I wonder how the world sees us:
Rich beyond compare,
powerful without equal,
a spoiled, drunk, 15-year-old waving a gun in their face.

It’s been a long, long, long, […..] time.
It’s been a long, long, long, […..] time.
It’s been a long, long, long, […..] time.
It’s been a long, long, long, […..] time.
Since I felt fine.

I first heard this song in 2006. It really “spoke” to me at that time. It still does.

On the
line “we used to dream about heroes”: At one point in early 2012, when I was working in Bucheon, Korea, I found and played the Davey Crockett song.
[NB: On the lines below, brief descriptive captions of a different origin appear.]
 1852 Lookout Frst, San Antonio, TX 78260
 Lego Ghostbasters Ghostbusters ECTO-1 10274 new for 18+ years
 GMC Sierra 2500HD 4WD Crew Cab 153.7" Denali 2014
An American coworker/friend, C.H. from California (now in China), commented to the effect that the song comes from “a totally different nation” than the USA that exists today.
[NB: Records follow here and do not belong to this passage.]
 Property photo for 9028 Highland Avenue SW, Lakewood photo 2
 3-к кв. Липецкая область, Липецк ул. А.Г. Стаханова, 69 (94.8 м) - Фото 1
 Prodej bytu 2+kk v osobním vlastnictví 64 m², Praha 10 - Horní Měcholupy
It’s a “road-goes-on-forever-in-my-mind” kind of song:

Davey Crockett — King of the Wild Frontier
Born on a mountaintop in Tennessee,
Greenest state in the land of the free.
Raised in the woods so’s he knew every tree,
Killed him a bear, when he was only three.

Davey, Davey Crockett!
King of the Wild Frontier

Fought single-handed through the Injun war,
Till the Creeks was whipped and the peace was restored.
While he was handling this risky chore,
Made himself a legend, forevermore.

Davey, Davey Crockett!
The man who don’t know fear

He went off to Congress and served a spell
Fixin’ up the government and laws as well.
Took over Washington, so I heard tell,
And patched up the crack in the Liberty Bell.

Davey, Davey Crockett!
Seein’ his duty clear

When he come home, his politickin’ was done,
Why, the Western March had just begun.
So he packed his gear, and his trusty gun
And lit out a-grinnin’ to follow the Sun!